- **Problem statement**:
All that is needed is each line of the entries holding the word "Texas", copied as it stands.

[Start of Attachment]

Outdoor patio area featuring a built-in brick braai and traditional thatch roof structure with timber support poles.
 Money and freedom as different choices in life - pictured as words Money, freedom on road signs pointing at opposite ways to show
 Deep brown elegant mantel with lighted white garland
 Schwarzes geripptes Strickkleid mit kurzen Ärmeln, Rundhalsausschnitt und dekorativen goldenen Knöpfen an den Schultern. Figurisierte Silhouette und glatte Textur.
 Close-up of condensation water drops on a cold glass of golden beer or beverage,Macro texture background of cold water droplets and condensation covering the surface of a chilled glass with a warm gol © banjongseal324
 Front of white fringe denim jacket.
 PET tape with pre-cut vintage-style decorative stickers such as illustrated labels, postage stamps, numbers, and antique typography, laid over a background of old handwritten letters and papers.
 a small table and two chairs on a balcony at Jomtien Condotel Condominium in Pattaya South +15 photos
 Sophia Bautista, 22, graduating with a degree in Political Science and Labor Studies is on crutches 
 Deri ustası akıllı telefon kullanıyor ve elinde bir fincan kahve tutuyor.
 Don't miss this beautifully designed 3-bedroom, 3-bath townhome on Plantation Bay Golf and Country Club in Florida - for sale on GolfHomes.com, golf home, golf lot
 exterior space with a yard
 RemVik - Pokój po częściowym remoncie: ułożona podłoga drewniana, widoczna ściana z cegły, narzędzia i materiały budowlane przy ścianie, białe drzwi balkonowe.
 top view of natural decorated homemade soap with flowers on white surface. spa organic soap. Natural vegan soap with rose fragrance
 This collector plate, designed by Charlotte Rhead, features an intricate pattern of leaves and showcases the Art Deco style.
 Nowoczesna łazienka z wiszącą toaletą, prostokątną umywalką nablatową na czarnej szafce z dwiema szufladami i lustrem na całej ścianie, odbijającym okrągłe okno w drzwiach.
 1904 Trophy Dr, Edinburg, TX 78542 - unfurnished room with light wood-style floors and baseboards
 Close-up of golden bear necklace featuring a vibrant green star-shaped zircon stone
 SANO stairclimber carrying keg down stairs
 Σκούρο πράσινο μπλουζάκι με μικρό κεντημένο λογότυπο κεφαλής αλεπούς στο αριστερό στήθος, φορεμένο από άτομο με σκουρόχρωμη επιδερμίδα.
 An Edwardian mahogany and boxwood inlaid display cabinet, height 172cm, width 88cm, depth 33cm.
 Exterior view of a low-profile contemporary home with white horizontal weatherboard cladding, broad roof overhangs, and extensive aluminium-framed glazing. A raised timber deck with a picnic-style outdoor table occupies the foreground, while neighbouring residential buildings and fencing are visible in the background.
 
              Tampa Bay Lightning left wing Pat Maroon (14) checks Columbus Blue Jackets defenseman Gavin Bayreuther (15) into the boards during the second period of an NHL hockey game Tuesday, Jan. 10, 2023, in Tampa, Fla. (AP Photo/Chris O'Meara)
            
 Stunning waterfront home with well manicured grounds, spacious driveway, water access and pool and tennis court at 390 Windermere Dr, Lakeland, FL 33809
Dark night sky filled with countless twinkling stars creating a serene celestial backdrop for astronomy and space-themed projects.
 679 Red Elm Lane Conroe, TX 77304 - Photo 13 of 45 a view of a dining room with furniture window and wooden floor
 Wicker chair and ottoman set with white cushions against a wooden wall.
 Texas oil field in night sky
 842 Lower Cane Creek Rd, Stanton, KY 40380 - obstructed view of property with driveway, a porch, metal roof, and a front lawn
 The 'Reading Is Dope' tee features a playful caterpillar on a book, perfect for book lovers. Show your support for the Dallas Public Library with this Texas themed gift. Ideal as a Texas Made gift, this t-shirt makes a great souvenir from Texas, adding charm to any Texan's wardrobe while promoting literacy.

[End of Attachment]

- **Reply**:
 Texas oil field in night sky
 The 'Reading Is Dope' tee features a playful caterpillar on a book, perfect for book lovers. Show your support for the Dallas Public Library with this Texas themed gift. Ideal as a Texas Made gift, this t-shirt makes a great souvenir from Texas, adding charm to any Texan's wardrobe while promoting literacy.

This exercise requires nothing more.